Data shown START

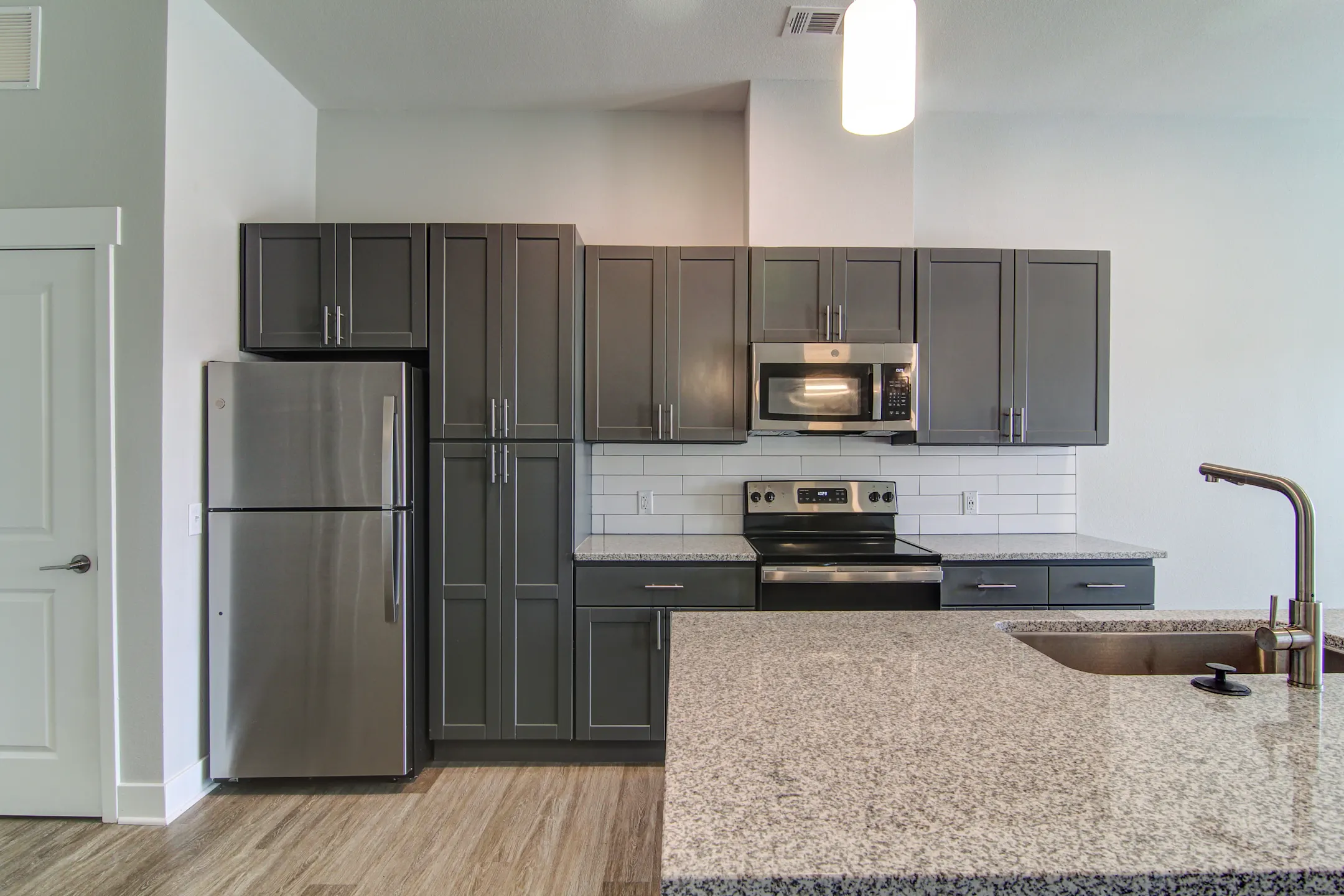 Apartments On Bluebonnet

Data shown END
Data shown START

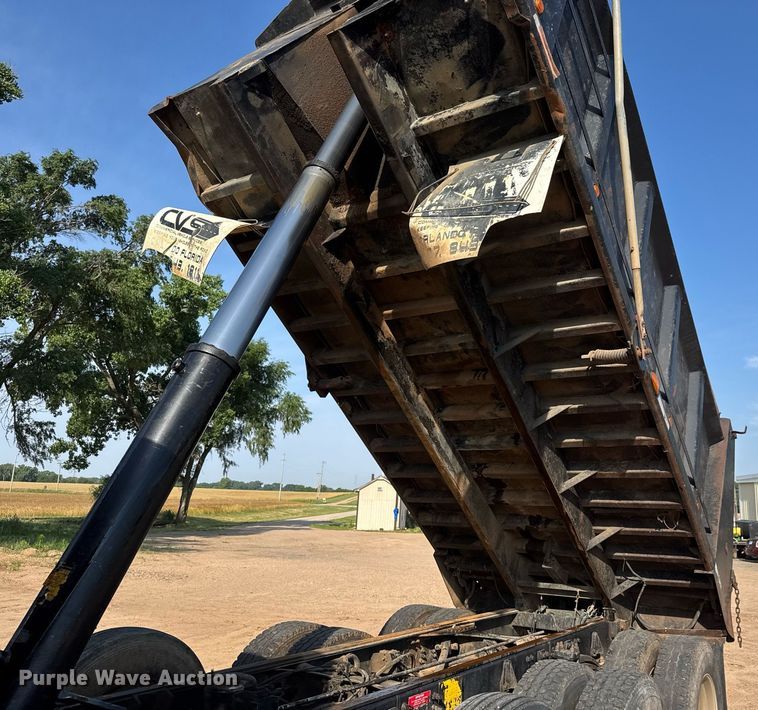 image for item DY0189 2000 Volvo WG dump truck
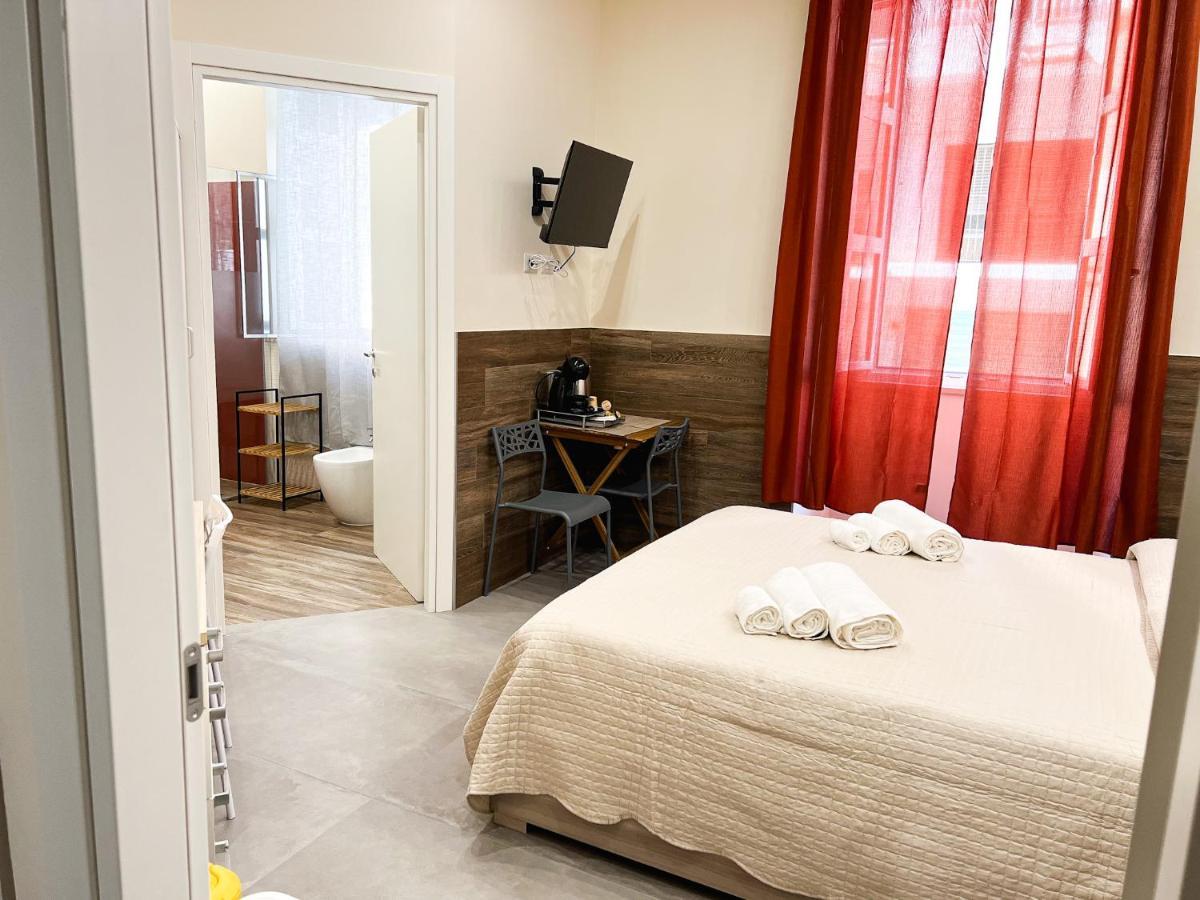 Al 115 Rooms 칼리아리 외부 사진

Data shown END

Task instructions: From the listing above, please give again the lines that begin with the line holding "image for item" and go on through the line holding "Al 115 Rooms 칼리아리 외부 사진", exactly, both ends included, minus any picture.

Solution to this exercise:
 image for item DY0189 2000 Volvo WG dump truck
 Al 115 Rooms 칼리아리 외부 사진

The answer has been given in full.